From reading reviews of the play by Chris Jones and Richard Zoglin and watching the playwright’s own explanation on the Goodman website, I learned that playwright Rebecca Gilman was trying to show the audience the power artists have when it comes to natural disasters or any other political or social conflict. This is a good topic, and, being an artist myself, I truly appreciate her point, but I think she could have approached this idea differently. The reason being is that she has this topic working a long side a flood incident, which is so big that it has to have a major part in the play. The audience expects the flood to be a major part of the play, but in Johnstown Flood, I don’t feel like the flood was discussed and explored enough to actually be a part of the play. All I saw was the flood (technically heard), the destruction, and how the troupe coped. There was no explanation to how the Johnstown recovered. Instead we saw that Fanny and Walter Lippincott’s relationship was jeopardized by their sex scene after the flood struck Johnstown and that the Baxters don’t know what to do with their scenic train car dilapidated. In the last scene, you see Fanny holding her baby and James coming home from work. The question is what happened in between this scene and the scene before. From how Rebecca Gilman and Director Robert Falls presented it, the flood was an abandoned aspect in the play.

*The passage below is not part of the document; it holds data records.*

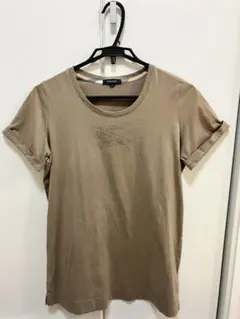 Item thumbnail for item 22ae9b4c-f15c-4cee-bd5c-1aa5f573ff00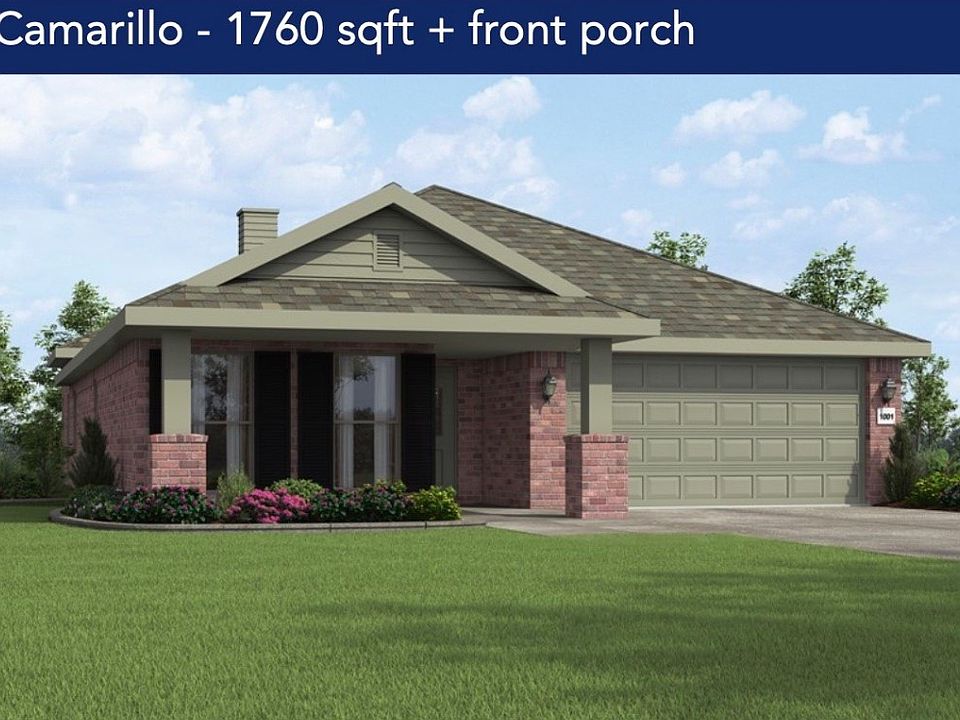 1st image of 3911 Rose Hill Ct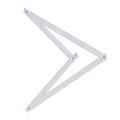 Stanley Folding Square 120cm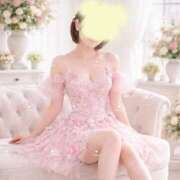 ヒメ日記 2026/03/30 07:42 投稿 なな ハピネス福岡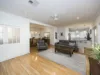 2 Primula Court, Woodvale, WA 6026-Image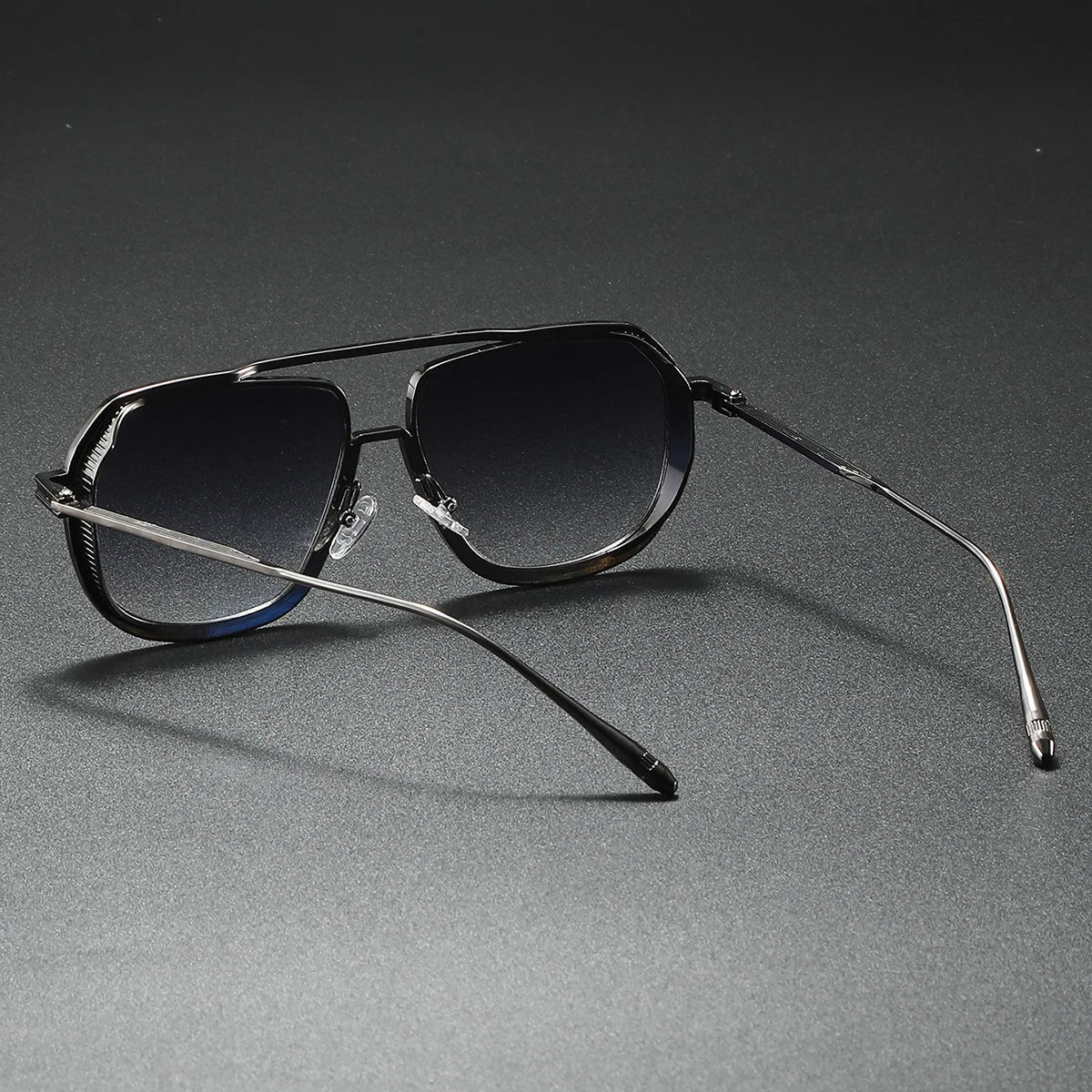 Aero 79 Sunglasses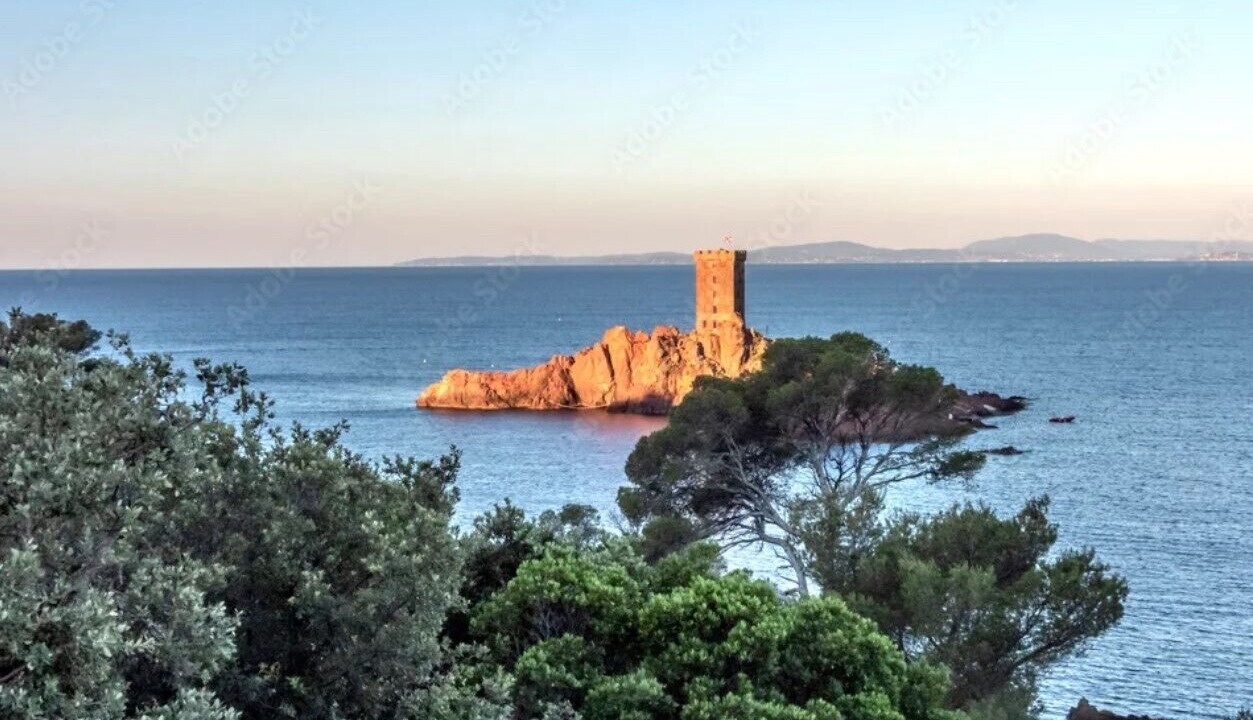 Photo of Others in Le Dramont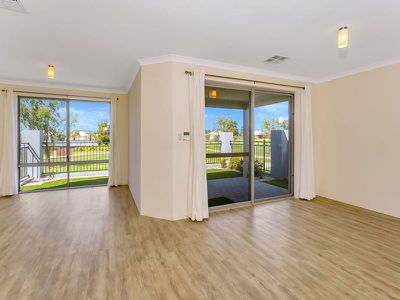 14 Cremorne Lane , Baldivis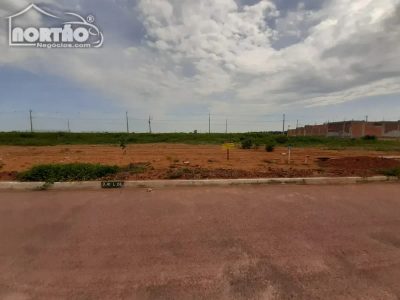 Casa, 360 m² - Foto 4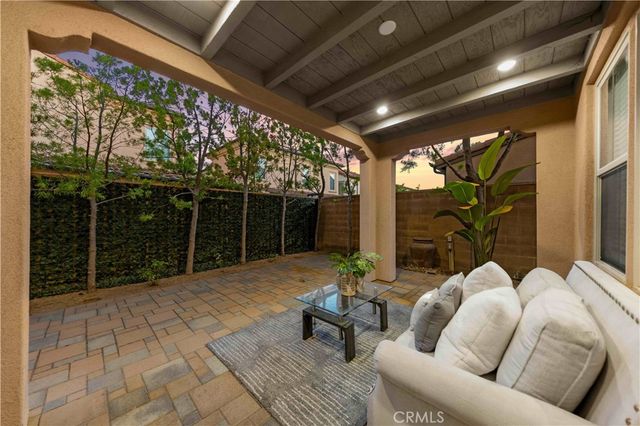 126 Saybrook, Irvine, CA 92620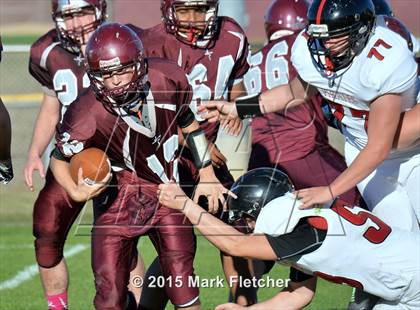 Thumbnail 1 in Cinnaminson @ Holy Cross photogallery.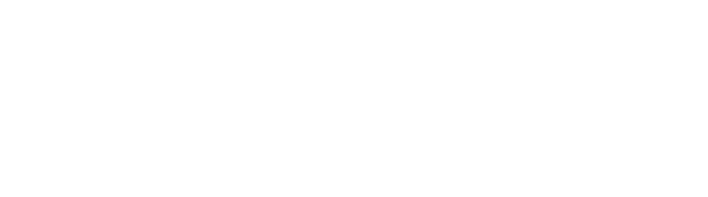 A blank white image.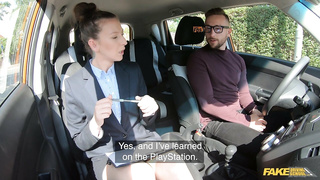 Lick My Pussy To Calm Me Down (2020) Jason X, Emylia Argan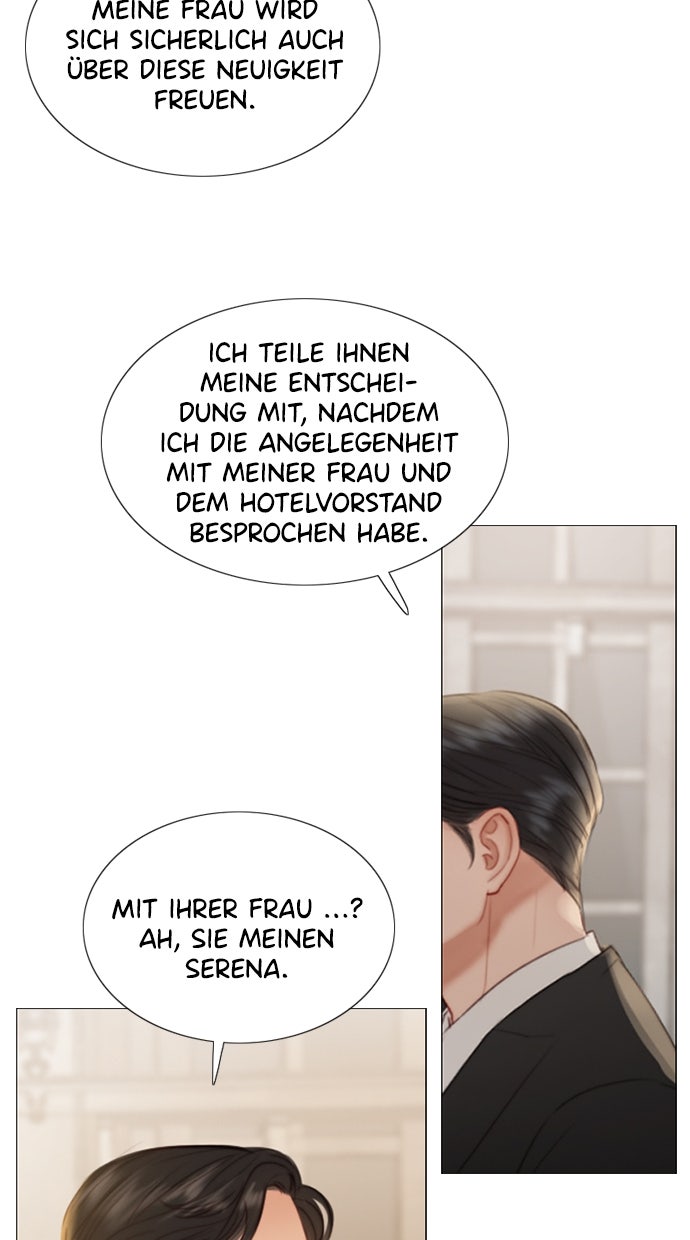 Read Serena Manga Online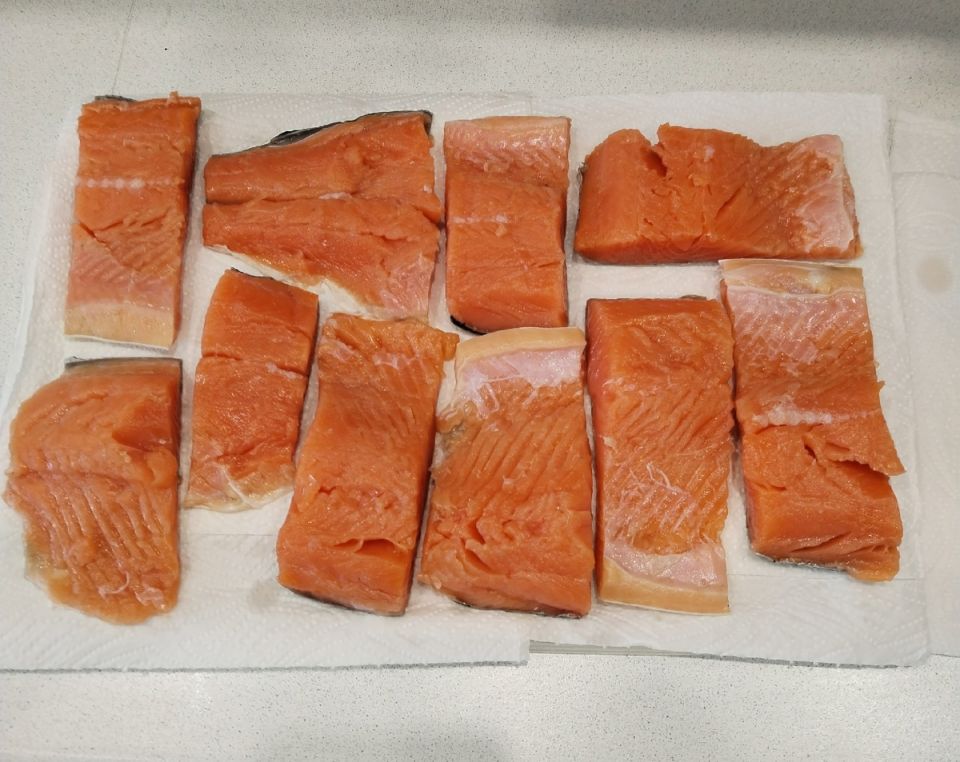 ��� ����������� ��������� ����������� ������: ������� � ������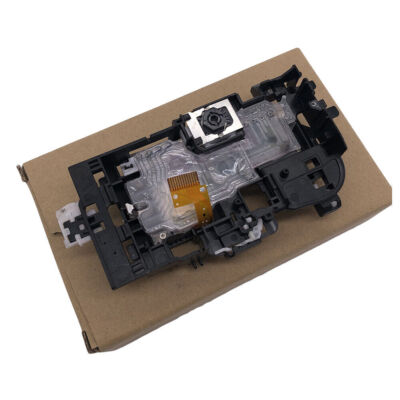 Printhead LKB109001 LK9693-001 Fits For Brother J562DW T510W T310W DCP-T510W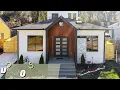 2431 Lynn Iris Dr Decatur GA 30032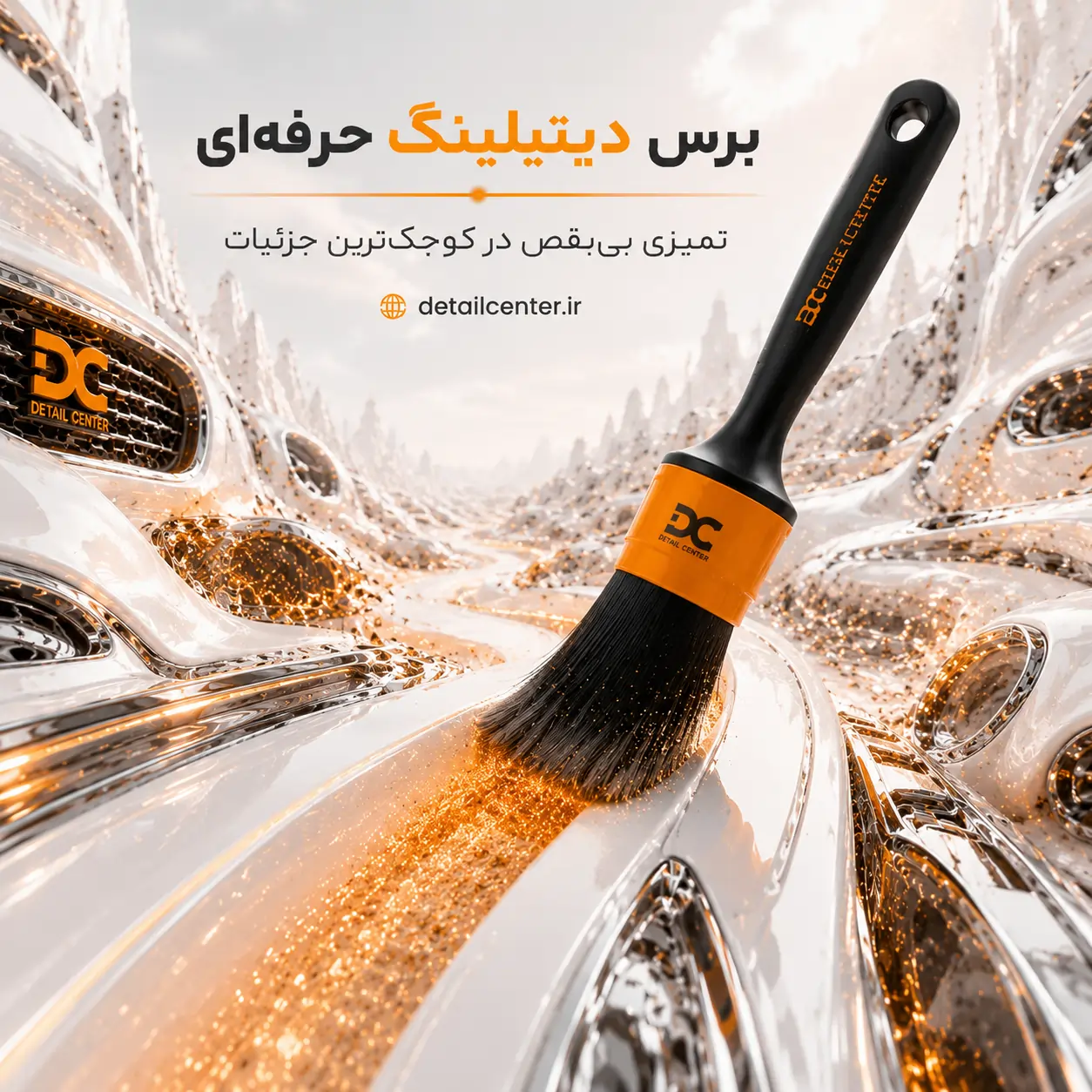 article-slider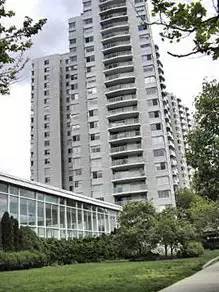 Main picture of The Whitehall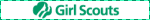 Girl Scouts
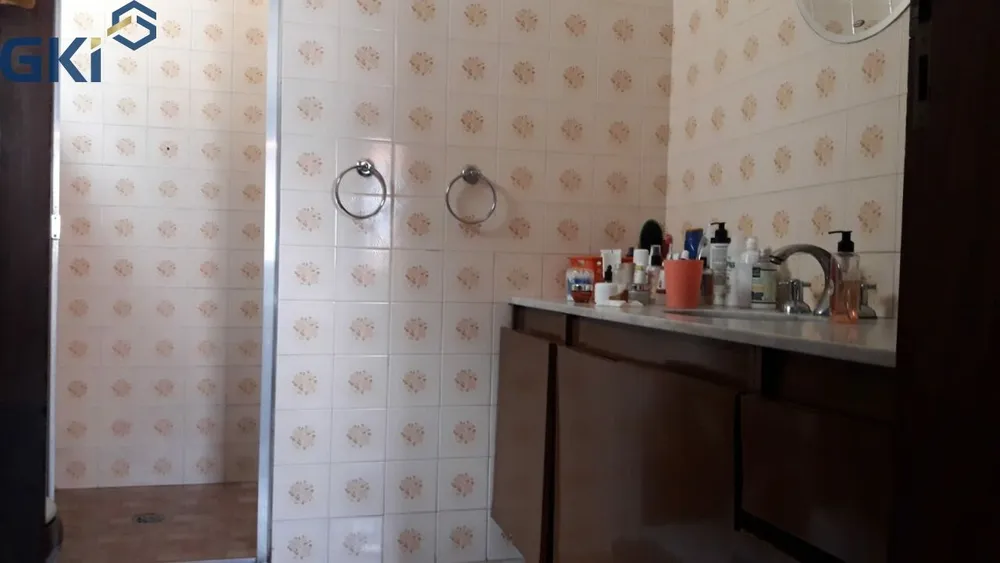 Casa, 3 quartos, 230 m² - Foto 17
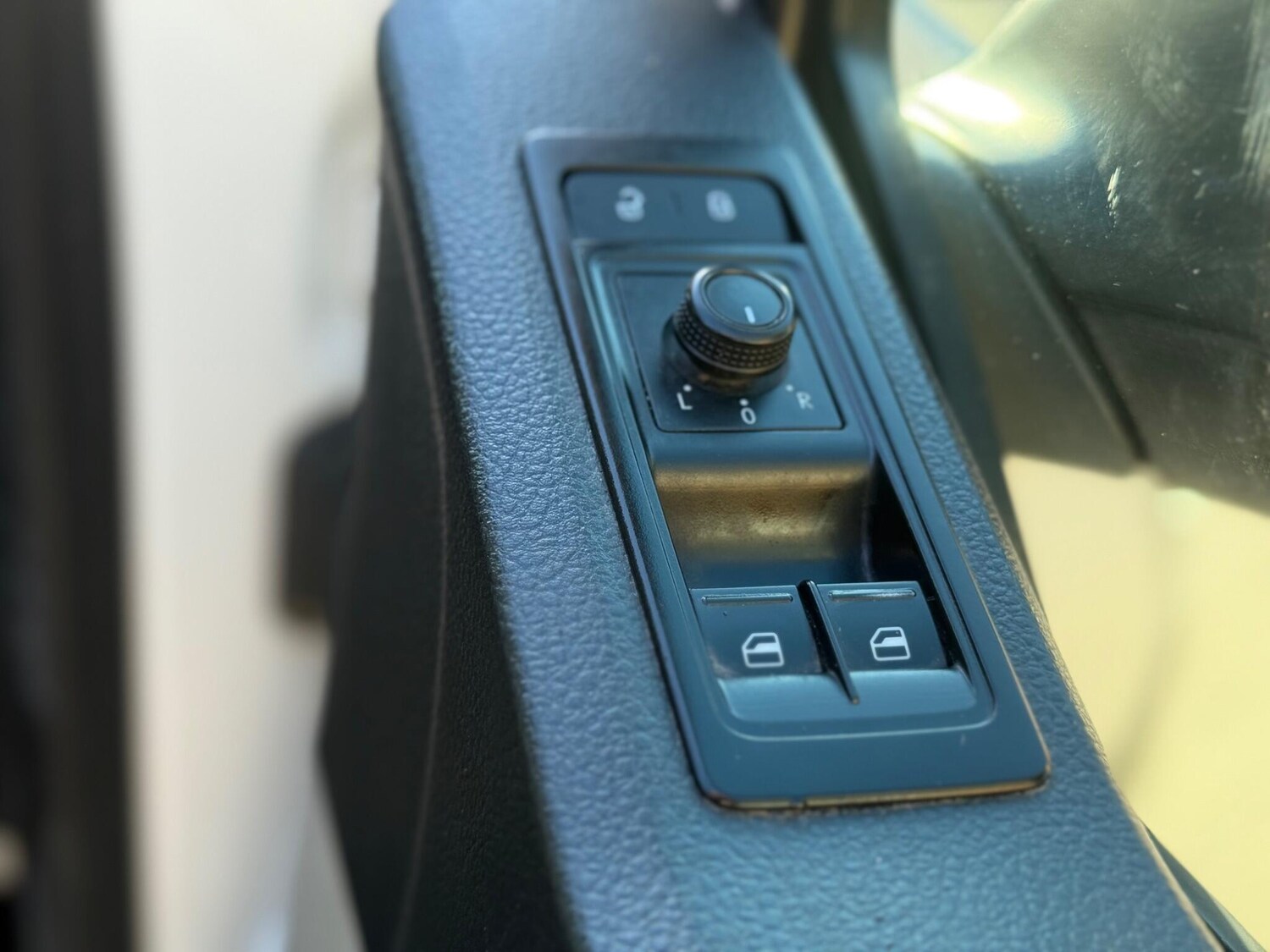 Used Volkswagen Transporter 2017 for sale - 77935469: Photo 39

Although this play has some flaws, it also had some strengths .When the flood struck Johnstown, the sound effects of the water hitting different structures was a very effective scene. The entire theatre was dark, so I felt like buildings, factories, and lives were being ended all around me. It was a moving scene that allowed me and the rest of the audience to empathize with the characters. Set designer Walt Spangler has a good eye for detail and used his knowledge of the time period to make the set realistically appealing. Also the way historical information was given throughout some of the play, even if something things weren’t described or explored enough flowed into the play.
The True History of the Johnstown Flood was a play that did not live up to my expectations. I think it was the least desirable play I have seen this season. I think Rebecca Gilman’s direction of the story she wanted to tell could have been told differently to tell a compelling story.